#### [Dataset]
--- --- ---
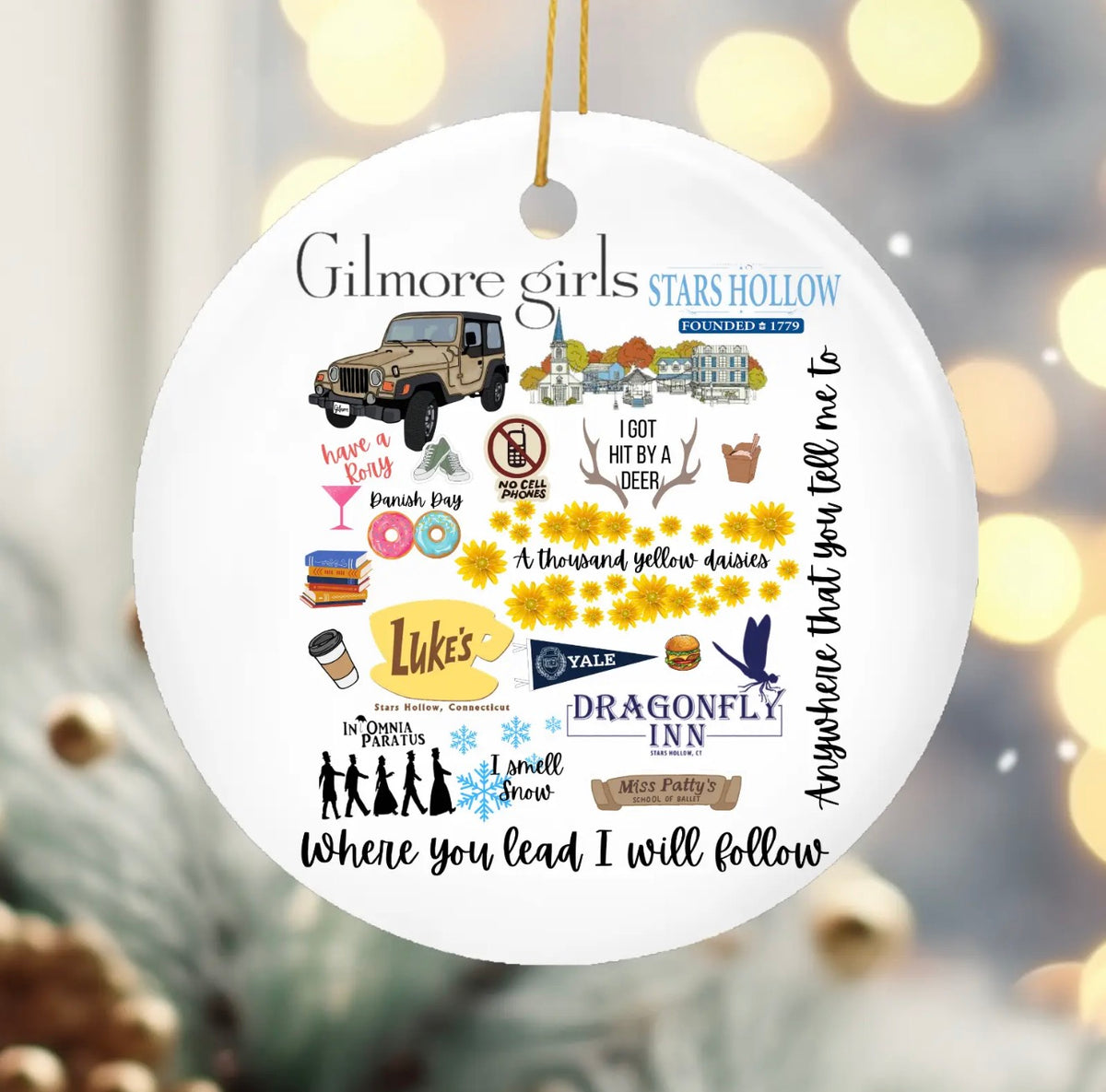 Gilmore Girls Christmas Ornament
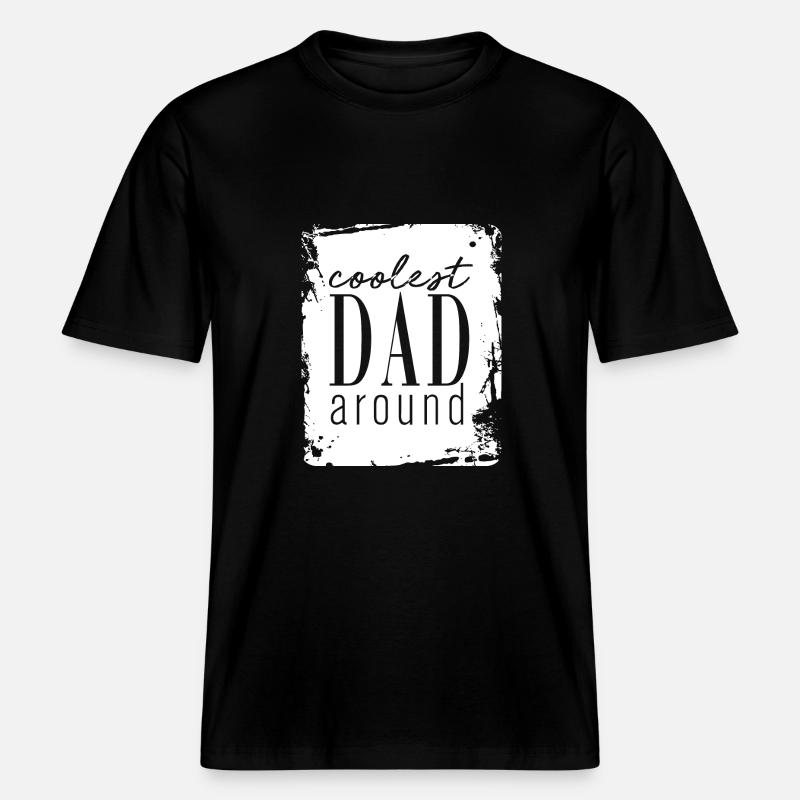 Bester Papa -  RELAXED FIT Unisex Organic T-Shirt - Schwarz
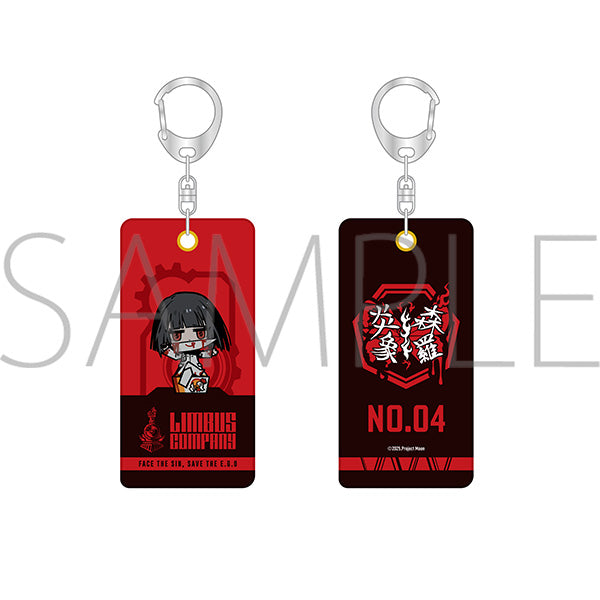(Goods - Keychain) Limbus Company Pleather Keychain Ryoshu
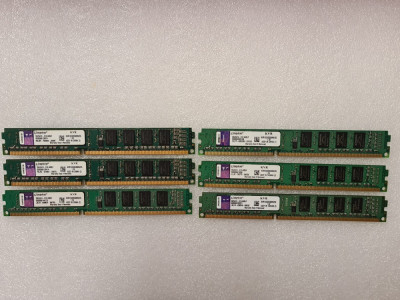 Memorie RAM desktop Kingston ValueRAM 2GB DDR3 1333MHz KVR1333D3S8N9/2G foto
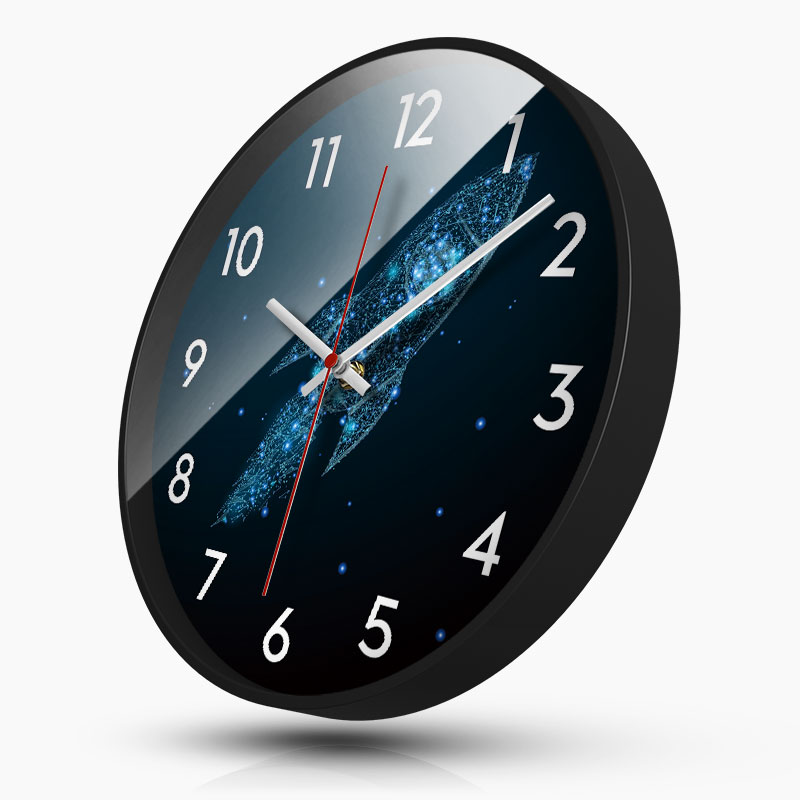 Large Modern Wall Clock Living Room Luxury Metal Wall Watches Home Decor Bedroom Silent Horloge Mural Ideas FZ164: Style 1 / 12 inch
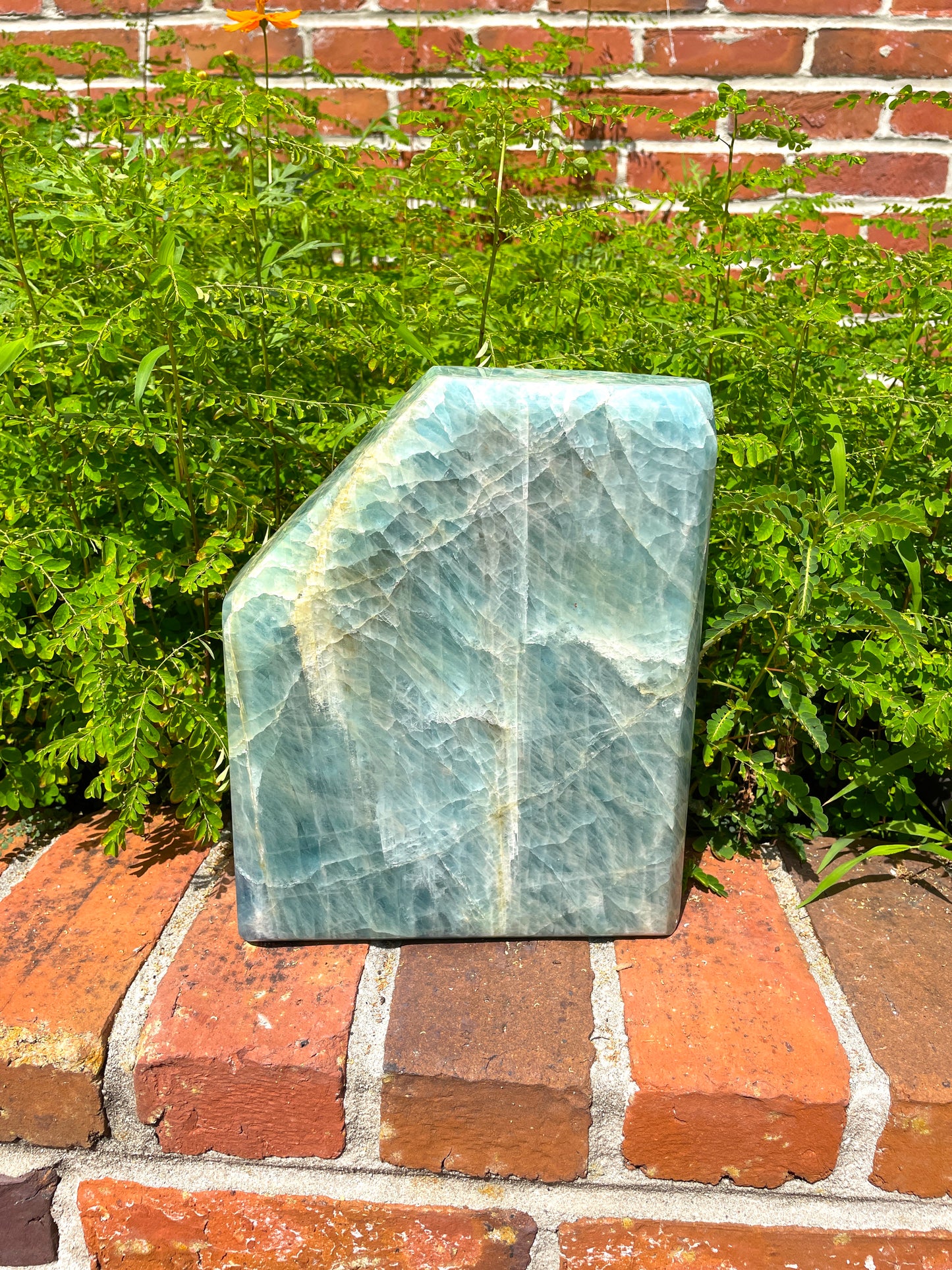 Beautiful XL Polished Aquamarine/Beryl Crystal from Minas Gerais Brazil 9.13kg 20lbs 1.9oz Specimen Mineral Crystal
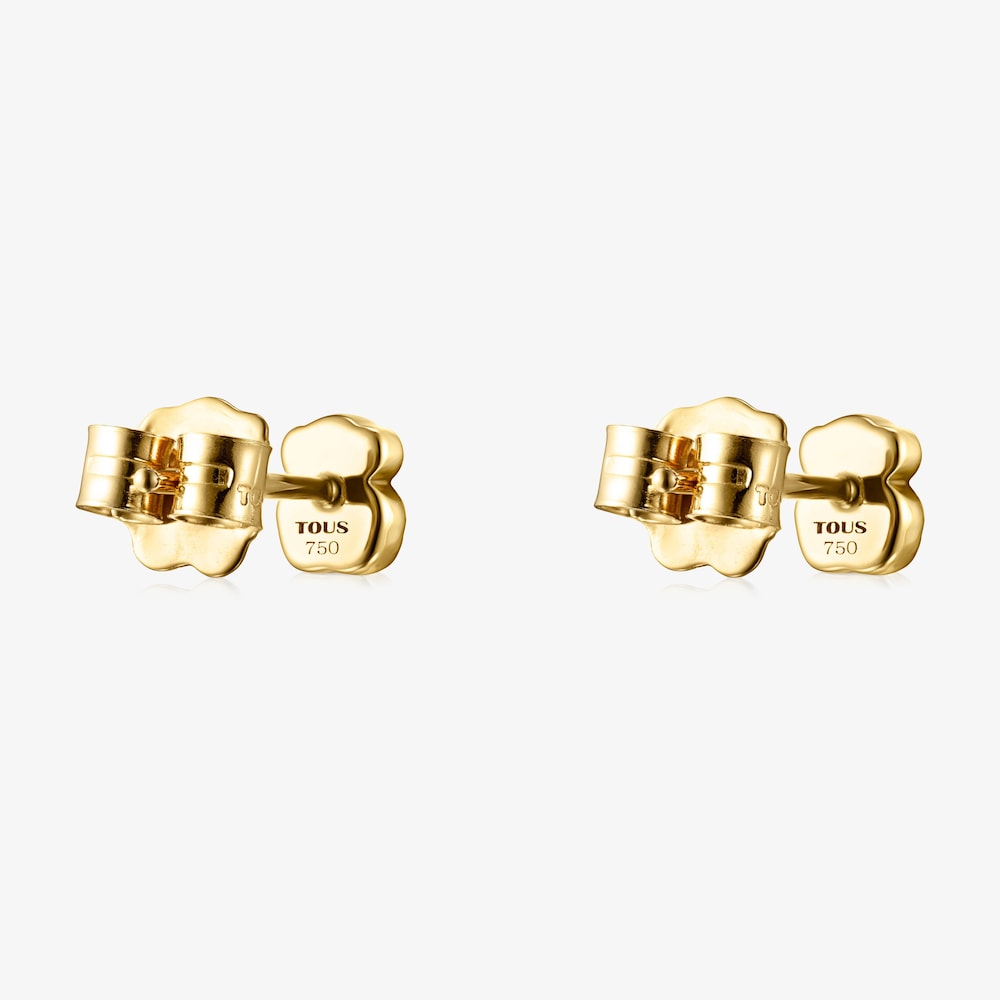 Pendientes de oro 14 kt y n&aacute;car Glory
--- --- ---
Return every line above exactly, omitting images.

 Gilmore Girls Christmas Ornament
 Bester Papa -  RELAXED FIT Unisex Organic T-Shirt - Schwarz
(Goods - Keychain) Limbus Company Pleather Keychain Ryoshu
 Memorie RAM desktop Kingston ValueRAM 2GB DDR3 1333MHz KVR1333D3S8N9/2G foto
 Large Modern Wall Clock Living Room Luxury Metal Wall Watches Home Decor Bedroom Silent Horloge Mural Ideas FZ164: Style 1 / 12 inch
 Beautiful XL Polished Aquamarine/Beryl Crystal from Minas Gerais Brazil 9.13kg 20lbs 1.9oz Specimen Mineral Crystal
 Pendientes de oro 14 kt y n&aacute;car Glory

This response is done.